## Action item
Within the listing below, show every line that contains the word "Polyclonal".

## The data
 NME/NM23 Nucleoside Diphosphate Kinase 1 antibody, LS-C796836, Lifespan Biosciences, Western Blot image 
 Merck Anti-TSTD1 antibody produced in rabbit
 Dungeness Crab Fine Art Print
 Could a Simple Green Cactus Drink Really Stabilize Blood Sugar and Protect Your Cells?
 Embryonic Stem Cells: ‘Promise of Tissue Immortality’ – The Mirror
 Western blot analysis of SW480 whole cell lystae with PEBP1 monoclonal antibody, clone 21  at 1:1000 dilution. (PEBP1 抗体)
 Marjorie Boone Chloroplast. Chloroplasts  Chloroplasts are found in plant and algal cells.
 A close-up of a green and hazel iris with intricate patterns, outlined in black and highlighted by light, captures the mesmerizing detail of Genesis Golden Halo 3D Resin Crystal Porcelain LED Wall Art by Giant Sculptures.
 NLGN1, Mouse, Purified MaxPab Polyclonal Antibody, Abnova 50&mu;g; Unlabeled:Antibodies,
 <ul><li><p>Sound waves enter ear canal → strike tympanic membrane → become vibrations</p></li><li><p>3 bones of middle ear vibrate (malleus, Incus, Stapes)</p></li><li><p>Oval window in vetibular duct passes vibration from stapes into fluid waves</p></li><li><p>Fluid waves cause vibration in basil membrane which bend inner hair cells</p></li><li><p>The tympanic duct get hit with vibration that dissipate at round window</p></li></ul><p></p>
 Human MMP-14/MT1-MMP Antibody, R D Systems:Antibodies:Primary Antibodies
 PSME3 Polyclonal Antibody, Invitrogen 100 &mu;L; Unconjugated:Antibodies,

## Reply to the exercise
 NLGN1, Mouse, Purified MaxPab Polyclonal Antibody, Abnova 50&mu;g; Unlabeled:Antibodies,
 PSME3 Polyclonal Antibody, Invitrogen 100 &mu;L; Unconjugated:Antibodies,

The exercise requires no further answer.